God is overal, maar tegelijk is hij afwezig. Overal, ook in Amsterdam. ‘Zijn aanwezigheid vult de gehele aarde‘, zo staat in de Bijbel te lezen (Jesaja 6:3). Maar als hij overal is, waarom houdt hij zich dan verborgen? Volgens de Joodse theologie vulde God – voordat hij de wereld schiep – het totale heelal. Dat was iets teveel van het goede. God moest zich terugtrekken om letterlijk ‘ruimte’ te creëren voor dit universum.

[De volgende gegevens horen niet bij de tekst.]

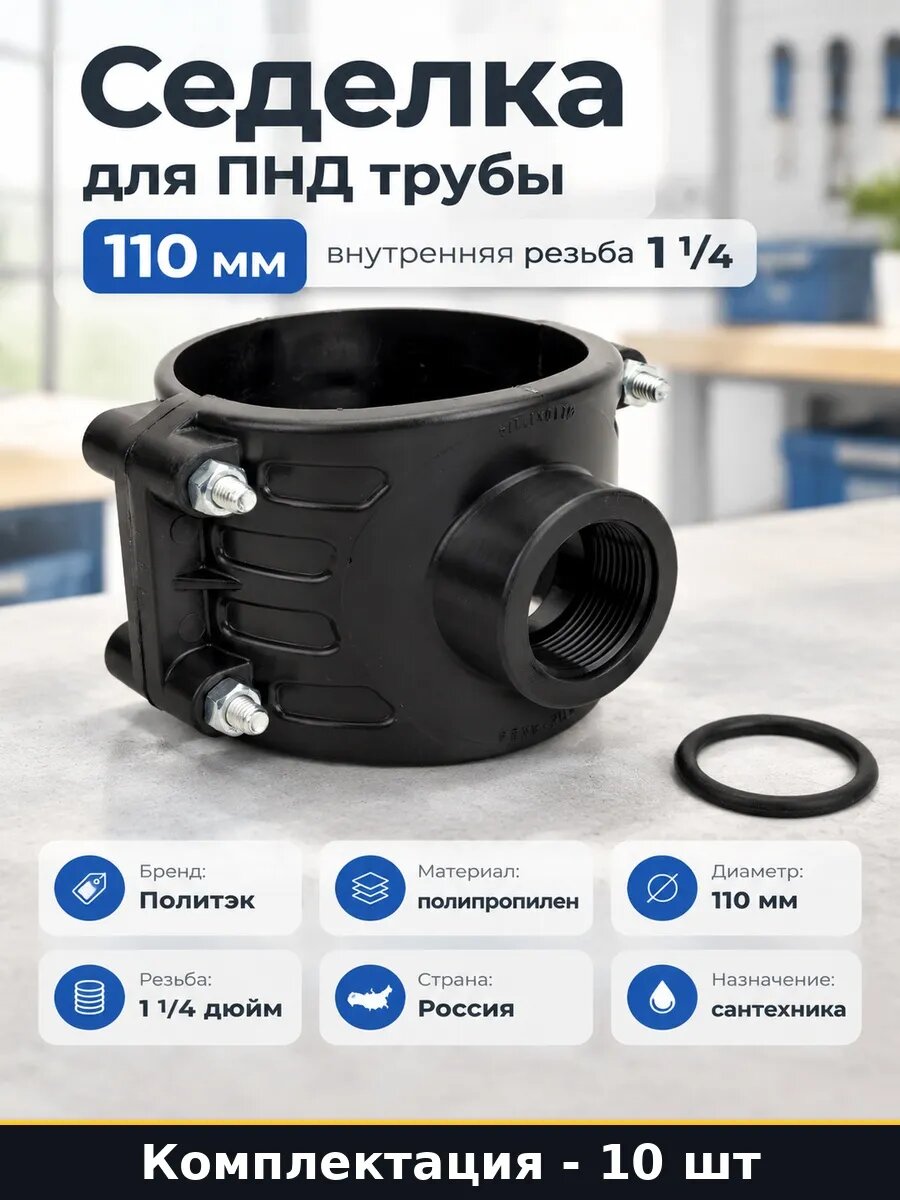 Набор Седелка для ПНД труб 110 мм на 1 дюйм вн резьба 10 шт
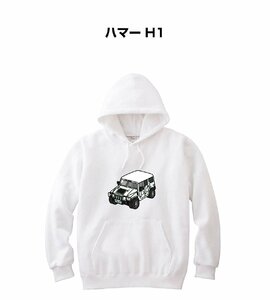 MKJP パーカー 車好き プレゼント 車 ハマー H1 送料無料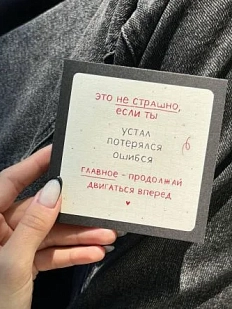 Открытка квадратная Апрельское утро «Не страшно», 10 х 10 см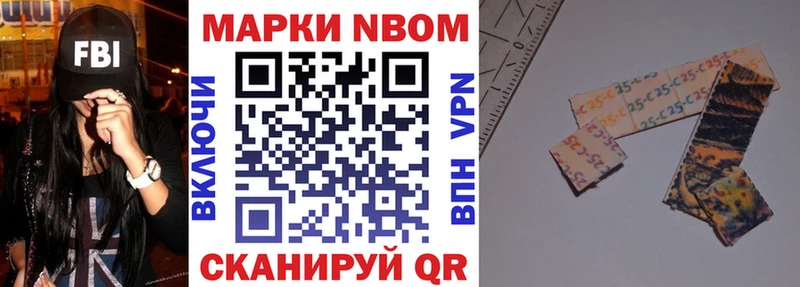 Купить  Сковородино  Марки N-bome 1500мкг 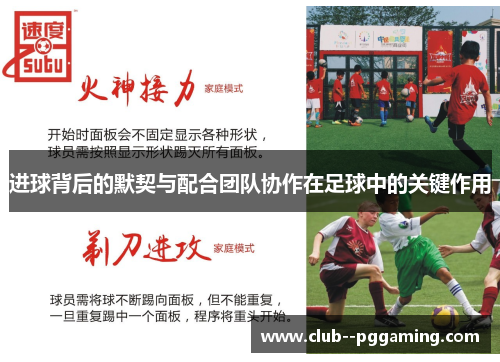进球背后的默契与配合团队协作在足球中的关键作用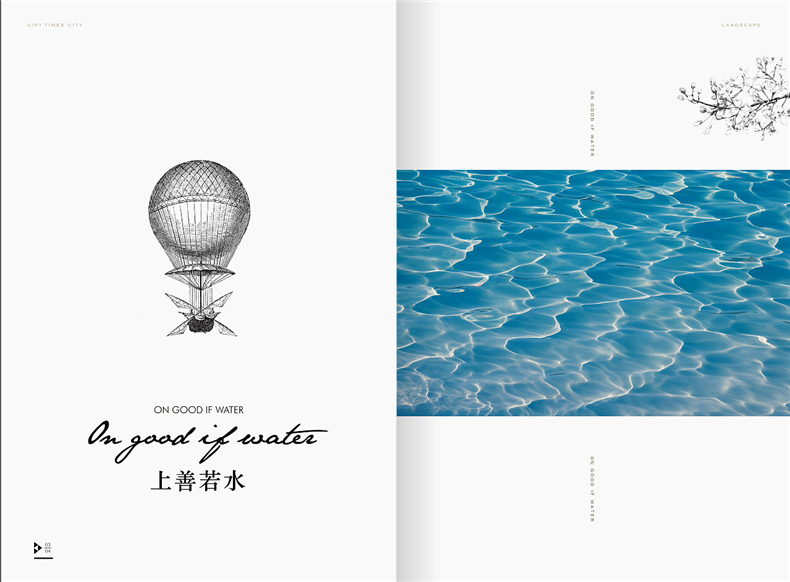 【成都房地產(chǎn)樓書(shū)設計公司】推薦很有內涵的高端樓書(shū)設計案例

Of anders gezegd: ruimte voor het toeval.

God dobbelt wel degelijk, al wilde Einstein daar niets van weten. Door de zogeheten tsimtsoem (de ’terugtrekking’) zou God tegelijk ook uit de wereld zijn verdwenen. Dat mag dan zo zijn, maar de wereld is nog altijd een wonder. Nogmaals: God verdween in zijn eigen reet. En sindsdien gebeuren er overal – maar vooral in Amsterdam – de raarste dingen tussen hemel en aarde. 

Of zoals Vestdijk schreef in zijn gedicht Amsterdam:

Maar in die duizeldun vertakte haven
Zijn zelfs de geesten zoo misteekend, dat
Het laatste toplicht, wezenloos hoogdravend,
Zweeft als een lichtreclame op de binnenstad.